REQUIRED ACTION
Retype, exactly as they stand, the lines from the start of the data to the line that contains "protection et promotion", both ends included. Leave the pictures out.

Caption-style text data:

'''

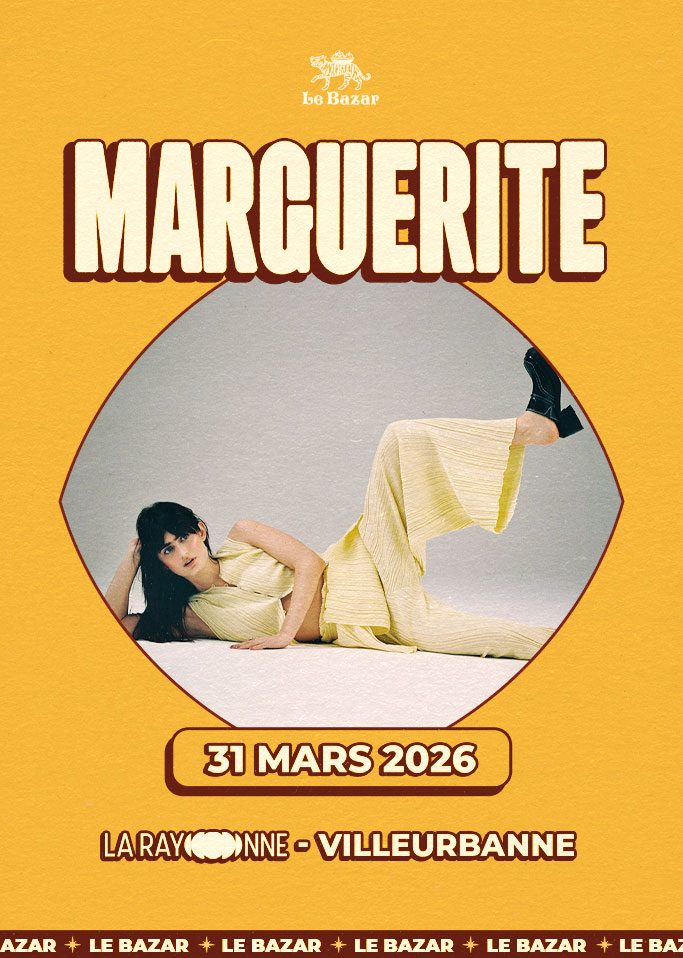 Marguerite chanson pop, en concert à la rayonne lyon villeurbanne le 31 mars 2026 Concert Chanson Pop Rock avec Le Bazar : agenda et billetterie, tickets Totaal Rez, les concerts à lyon.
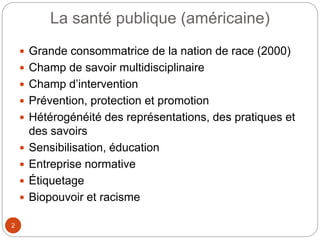 La santé publique (américaine)
2
 Grande consommatrice de la nation de race (2000)
 Champ de savoir multidisciplinaire
 Champ d’intervention
 Prévention, protection et promotion
 Hétérogénéité des représentations, des pratiques et
des savoirs
 Sensibilisation, éducation
 Entreprise normative
 Étiquetage
 Biopouvoir et racisme
 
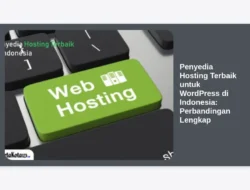 Penyedia Hosting Terbaik untuk WordPress di Indonesia: Perbandingan Lengkap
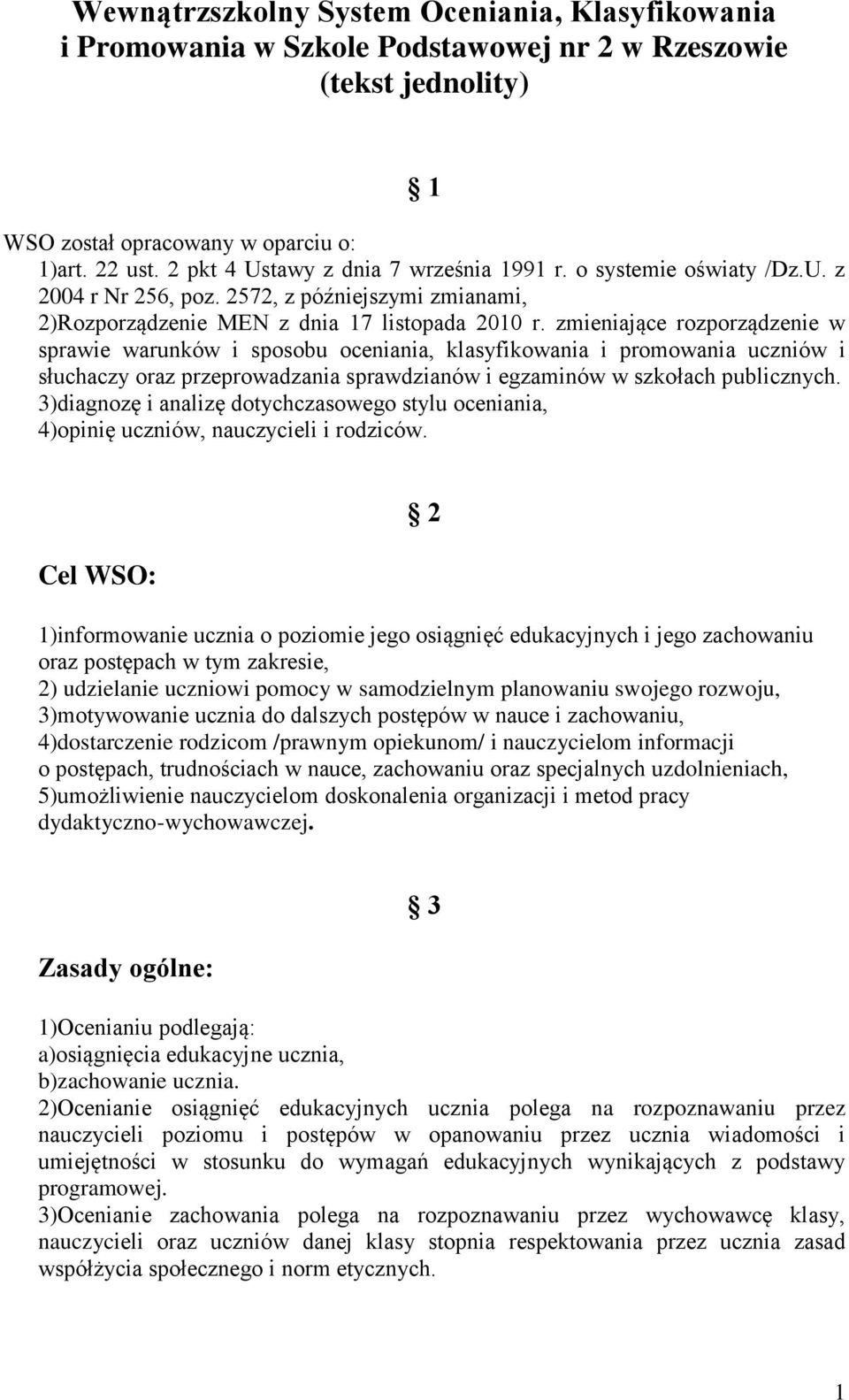 zmieniające rozporządzenie w sprawie warunków i sposobu oceniania, klasyfikowania i promowania uczniów i słuchaczy oraz przeprowadzania sprawdzianów i egzaminów w szkołach publicznych.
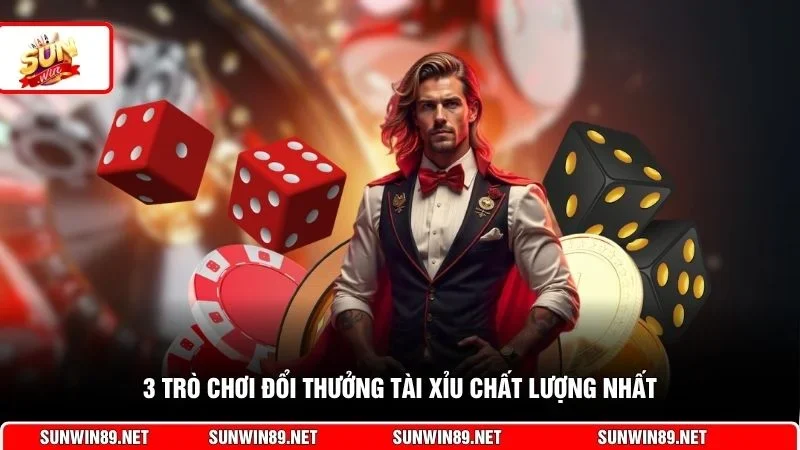 3 trò chơi đổi thưởng tài xỉu chất lượng nhất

'''

TASK SOLUTION
 Marguerite chanson pop, en concert à la rayonne lyon villeurbanne le 31 mars 2026 Concert Chanson Pop Rock avec Le Bazar : agenda et billetterie, tickets Totaal Rez, les concerts à lyon.
 La santé publique (américaine)
2
 Grande consommatrice de la nation de race (2000)
 Champ de savoir multidisciplinaire
 Champ d’intervention
 Prévention, protection et promotion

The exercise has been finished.